Sıvaların altından çıkan, kat kat üstüne sürülmüş boyaların döküntülerinde,
sertçe kapanan demir kapıların metalik tınısının loş koridorlarda yankılanışında,
hücrelerden gelen boğuk seslerin hüznünde,
arkasına basılmış yumurta topuk ayakkabıların avluda volta atarken çıkardığı seste,
kehribar tespihlerin adımlara uygun ritminde,
kahredici sessizlikte, kader mahkûmlarının küskün serzenişlerinde,
mescitten gelen duaların mırıltılarında,
sigara dumanlarının baş döndüren bunaltıcı atmosferinde,
arkası kuşlu aynada taranan saçlarda,
bir ucu sigarayla yakılmış mektuplarda,
bakılmaktan eskimiş, yavuklu fotoğraflarında,
siyasilerin vakur duruşlarının ezici sessizliğinde,
Sabahattin Ali’nin, adeta bir fısıltı gibi kulağımıza ulaşan dizelerinde, ipuçları bulmaya çalışmak…
Başın öne eğilmesin
Aldırma gönül aldırma
Ağladığın duyulmasın
Aldırma gönül, aldırma
Dışarda deli dalgalar
Gelip duvarları yalar
Seni bu sesler oyalar
Aldırma gönül, aldırma
Görmesen bile denizi
Yukarıya çevir gözü
Deniz dibidir gökyüzü
Aldırma gönül, aldırma
Dertlerin kalkınca şaha
Bir sitem yolla Allah'a
Görecek günler var daha
Aldırma gönül, aldırma
Kurşun ata ata biter
Yollar gide gide biter
Ceza yata yata biter
Aldırma gönül, aldırma
Sinop Cezaevi, yaklaşık 4000 yıl önce Sinop civarında Gaskalıların yaşadığı dönemde yaptırılmıştır. Devasa büyüklüğü ile dikkat çeken cezaevi Gaskalıların ardından Grek, Pontus, Roma ve Bizans uygarlıkları tarafından kullanılmıştır. Bizanslılardan sonra Selçuklular tarafından sur olarak kullanılan hapishane üç tarafı denizlerle çevrili bir konumdadır. Surların cezaevi olarak kullanıldığına dair bulunan belgeler bizi ilk olarak 1569 yılına götürmektedir. Başlarda hapishaneden daha çok zindan görevi görmektedir. Rivayetlere göre o dönemde çıkan ayaklanmalar sonucu zindana atılanların sonu hiç iyi olmamıştır. 1887 senesinde iç kalenin resmi olarak hapishaneye dönüştürülmesi sonucu çocuk hapishanesi, kadın koğuşu, hamam gibi ek binalar eklenmiştir. 18 metre uzunluğunda, 22 metre genişliğinde olan surlardan kaçış pek mümkün olmamaktadır.

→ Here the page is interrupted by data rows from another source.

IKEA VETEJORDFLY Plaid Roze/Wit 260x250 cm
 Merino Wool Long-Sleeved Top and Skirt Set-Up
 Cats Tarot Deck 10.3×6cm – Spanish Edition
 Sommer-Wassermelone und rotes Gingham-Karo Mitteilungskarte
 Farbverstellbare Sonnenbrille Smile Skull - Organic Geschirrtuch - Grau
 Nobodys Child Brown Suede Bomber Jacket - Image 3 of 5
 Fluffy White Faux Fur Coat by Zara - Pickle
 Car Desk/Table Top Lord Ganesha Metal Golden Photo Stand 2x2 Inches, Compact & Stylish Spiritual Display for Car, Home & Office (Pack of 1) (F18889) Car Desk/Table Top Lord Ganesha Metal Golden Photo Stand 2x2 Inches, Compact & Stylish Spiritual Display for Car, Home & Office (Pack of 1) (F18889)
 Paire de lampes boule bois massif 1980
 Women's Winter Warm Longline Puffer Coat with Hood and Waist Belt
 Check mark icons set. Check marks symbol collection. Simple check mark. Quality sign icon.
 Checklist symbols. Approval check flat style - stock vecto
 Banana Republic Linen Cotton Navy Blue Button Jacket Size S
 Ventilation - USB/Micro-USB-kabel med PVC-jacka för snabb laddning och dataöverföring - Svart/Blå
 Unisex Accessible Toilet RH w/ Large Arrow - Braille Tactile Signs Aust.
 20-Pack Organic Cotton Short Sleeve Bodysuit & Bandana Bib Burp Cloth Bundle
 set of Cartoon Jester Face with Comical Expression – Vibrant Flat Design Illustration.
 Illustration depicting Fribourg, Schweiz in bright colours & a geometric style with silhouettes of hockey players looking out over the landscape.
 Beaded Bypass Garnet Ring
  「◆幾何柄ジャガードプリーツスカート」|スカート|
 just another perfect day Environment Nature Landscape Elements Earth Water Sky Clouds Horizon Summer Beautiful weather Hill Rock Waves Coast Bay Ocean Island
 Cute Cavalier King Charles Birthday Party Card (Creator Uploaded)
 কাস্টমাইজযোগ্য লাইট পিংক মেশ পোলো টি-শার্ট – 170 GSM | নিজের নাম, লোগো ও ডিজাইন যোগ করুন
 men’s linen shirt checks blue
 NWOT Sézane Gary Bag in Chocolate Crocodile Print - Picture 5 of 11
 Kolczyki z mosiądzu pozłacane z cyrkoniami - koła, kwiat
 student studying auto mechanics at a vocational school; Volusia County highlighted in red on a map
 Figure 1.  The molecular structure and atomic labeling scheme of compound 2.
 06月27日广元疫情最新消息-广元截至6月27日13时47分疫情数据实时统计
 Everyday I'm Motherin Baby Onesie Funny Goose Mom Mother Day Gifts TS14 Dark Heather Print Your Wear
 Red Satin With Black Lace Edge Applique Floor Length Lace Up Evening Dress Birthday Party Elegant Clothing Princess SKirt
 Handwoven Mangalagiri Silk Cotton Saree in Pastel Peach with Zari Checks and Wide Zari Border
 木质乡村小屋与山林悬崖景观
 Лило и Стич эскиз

Zaman içinde 2 kişi kanalizasyon yoluyla hapishaneden kaçmayı denese de bu deneme başarısız olmuş ve ölümle sonuçlanmıştır. Üç yanı denizle çevrili olduğundan yüksek nem oranına maruz kalan mahkûmların çoğu bu sebeple cezası bitmeden yaşamını yitirmiştir. Ürpertici mimarisi ve yaşanılan acı olayları ile “dark turizmi” konusunda Türkiye’nin alternatifi konumundadır.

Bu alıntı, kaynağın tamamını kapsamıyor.